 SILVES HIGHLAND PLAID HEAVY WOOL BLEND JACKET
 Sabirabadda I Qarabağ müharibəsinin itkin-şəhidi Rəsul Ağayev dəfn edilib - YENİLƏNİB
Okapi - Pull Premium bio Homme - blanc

● ● ●

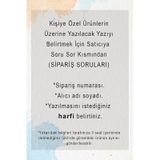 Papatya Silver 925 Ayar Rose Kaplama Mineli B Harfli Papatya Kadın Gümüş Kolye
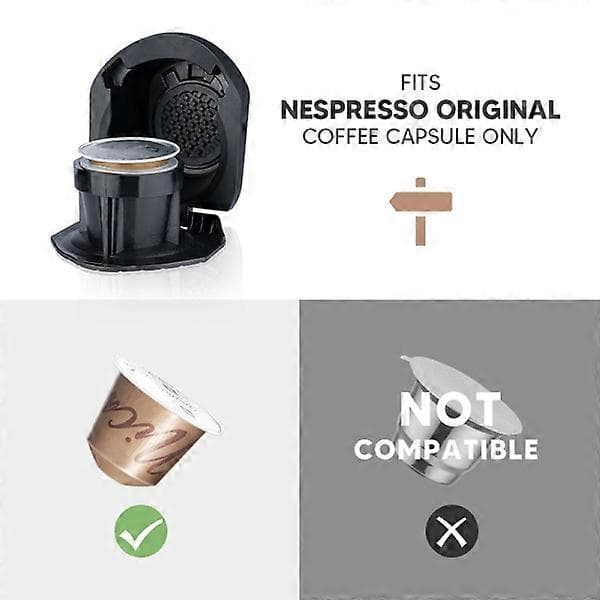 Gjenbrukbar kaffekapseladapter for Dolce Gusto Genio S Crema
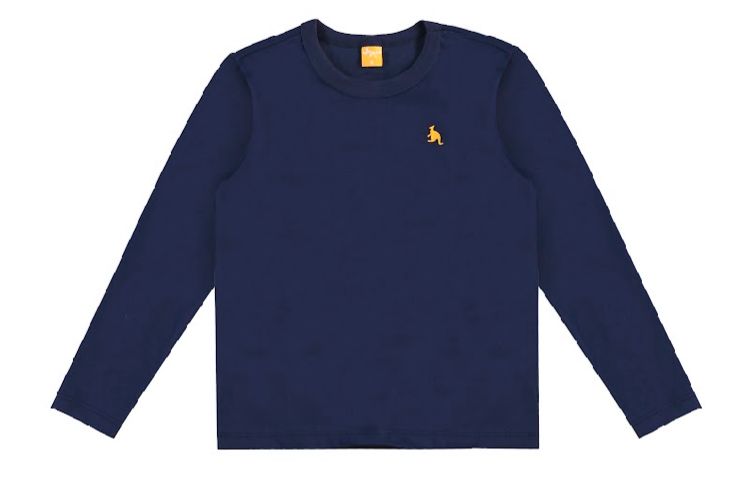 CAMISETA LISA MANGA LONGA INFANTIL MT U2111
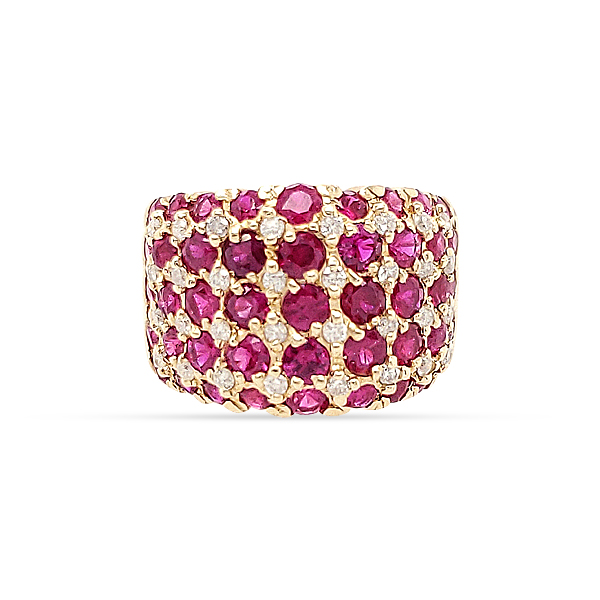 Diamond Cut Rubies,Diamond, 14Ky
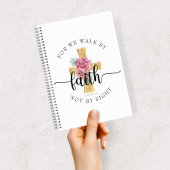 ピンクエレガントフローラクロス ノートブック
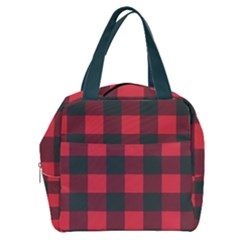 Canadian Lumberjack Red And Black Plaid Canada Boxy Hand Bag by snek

● ● ●

Output exactly the lines of the listing above that start with the one holding "ピンクエレガントフローラクロス ノートブック" and go on through the one holding "Canadian Lumberjack Red"; leave the pictures out.

▸ SOLVED PROBLEM:
 ピンクエレガントフローラクロス ノートブック
 Canadian Lumberjack Red And Black Plaid Canada Boxy Hand Bag by snek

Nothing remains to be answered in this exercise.